I admit it---I am fond of the icy worlds, and there are a lot of them out there, especially beyond the galactic halo. The Milky Way itself is unusually hot and dense, and then once you go out the clouds at the rim, you get those little red dwarf stars with their little icy planets, silicon and aluminum and just a little bit of iron, no plate tectonics, orbiting in their shadows. When I walk out there, I can feel almost like I am on some little corner of earth. That is what Baker did, when he would walk out to the Sagittarius Dwarf Galaxy and made a catalog of all the places he would sit down. No real body, so the cold doesn't bother us. We can't breathe, either, of course, but for some reason we all feel better somewhere where there is an atmosphere, even if we can't breathe it.

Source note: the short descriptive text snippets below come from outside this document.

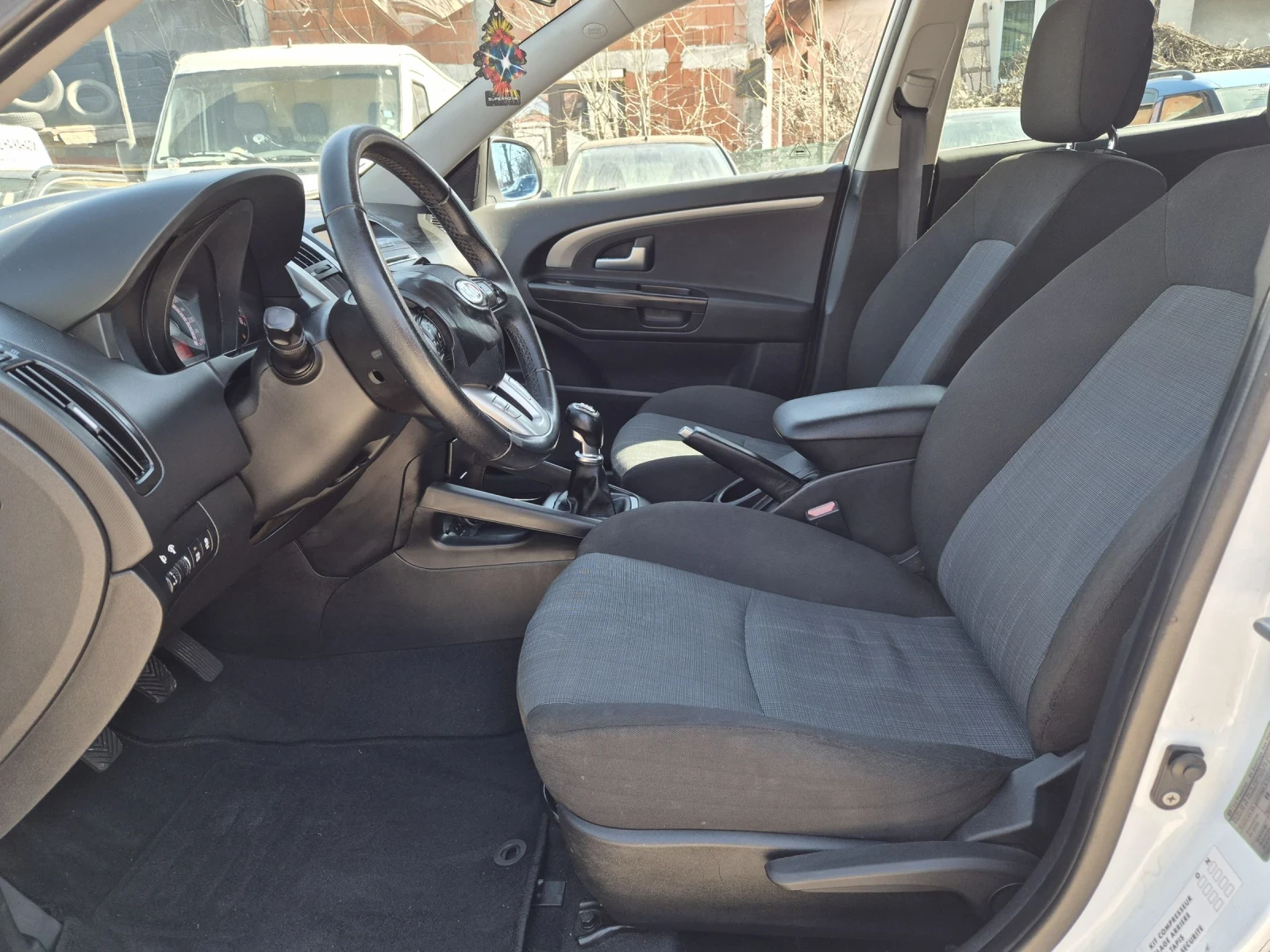 Kia Ceed 1.6D 90кс ХЕЧБЕК!!!, снимка 11 - Автомобили и джипове - 53904738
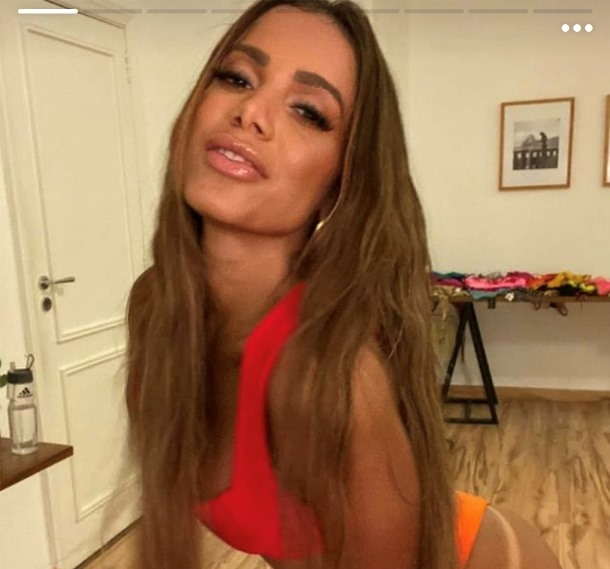 Anitta no Tinder é real e oficial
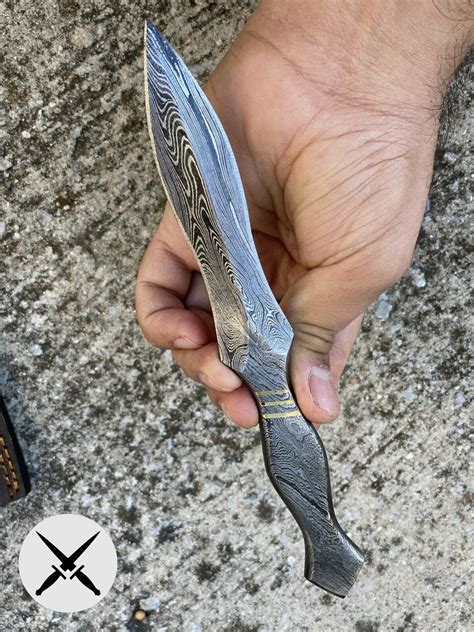Custom Hand Forged Damascus Steel Hunting Dagger Boot Knife Etsy
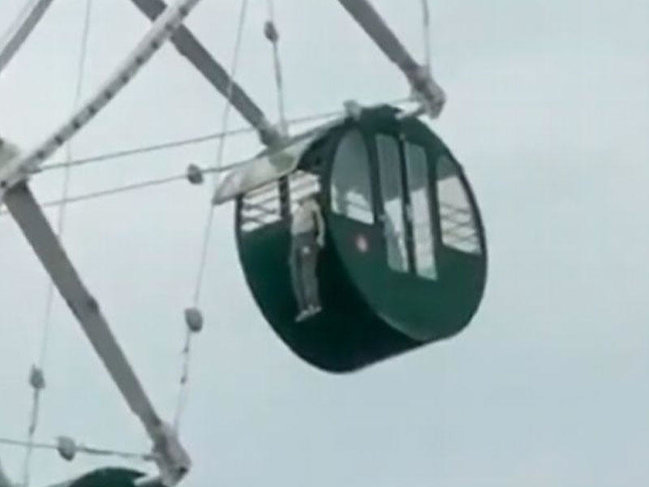 Yıxılan uşağın başı 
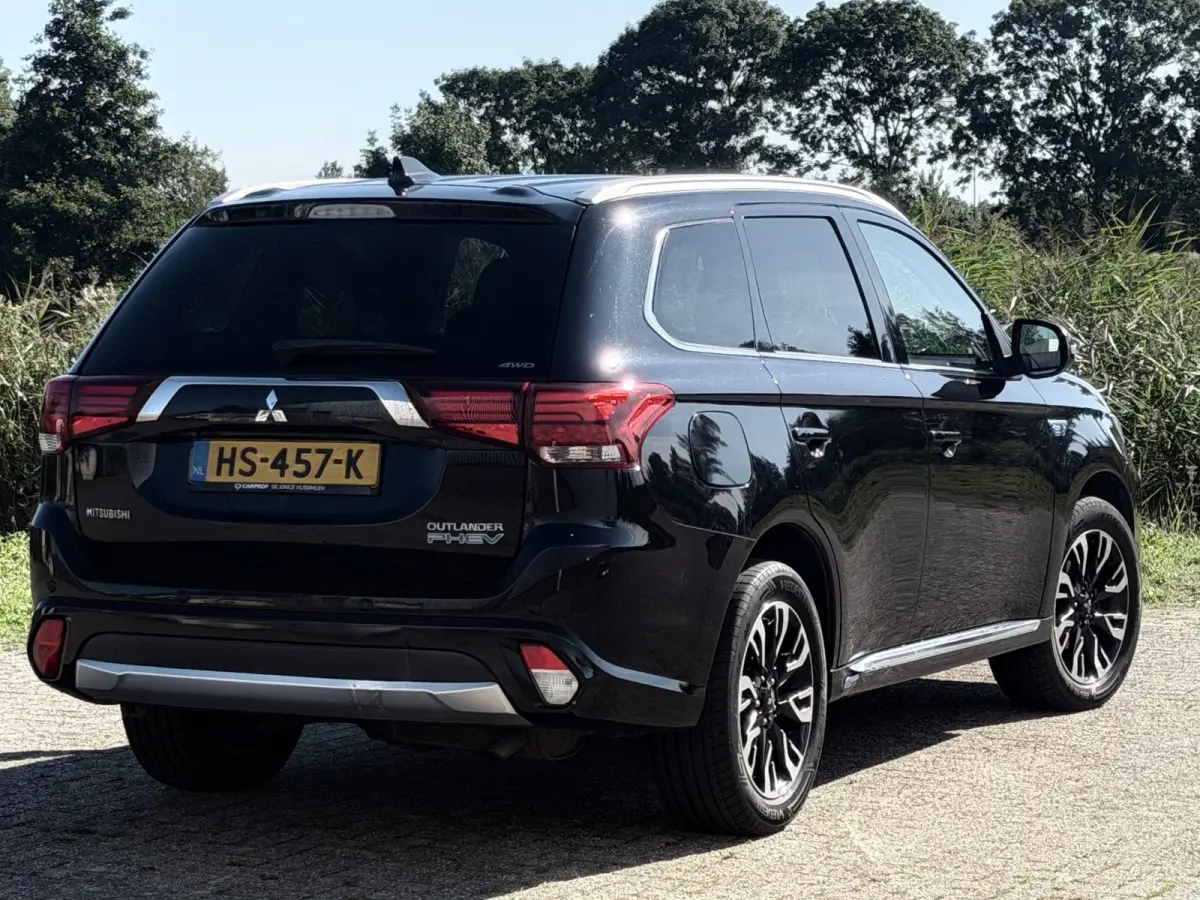 2.0 PHEV NW MODEL Executive Edition - Black Pearl - Camera/Keyless/Seatheat - Topstaat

And Baker 246d fits those criterion, but it has something special. It is the planet that is alive, and dies all at once, and then comes back. The crust and surface of Baker 246d is light rocky elements--- lots of silicon, magnesium, a little aluminum, slight amounts of iron and calcium. Lots of oyxgen. Silicon dioxide, basically. Glass. An entire planet of glass, but it is living glass. The atmosphere is methane, ethane, carbon dioxide, of course, and what happens is that the surface starts rusting, or else it starts growing. Some metabolic process starts catalyzing all that silicon dioxide in the crust and all that carbon dioxide in the atmosphere, and all those hydrocarbons and magnesium and everything else to start turning into...well, it is a lichen. Made of glass. Big sheets and crystals and flakes and layers, big involuted and convoluted "leaves" start sprouting up from the surface. But two things about this: there are no cells or individual organisms, it is like the entire surface of the planet billows out, forming layers that really do look like lichen, except they can be dozens of feet high. Oh, and it happens very slowly. Cool red sun, icy planet. The metabolization takes a long time---maybe millions of years. There are no "predators", there is nothing that breaks down the complicated carbon-silicon bonds of these living crystals. They only have one enemy.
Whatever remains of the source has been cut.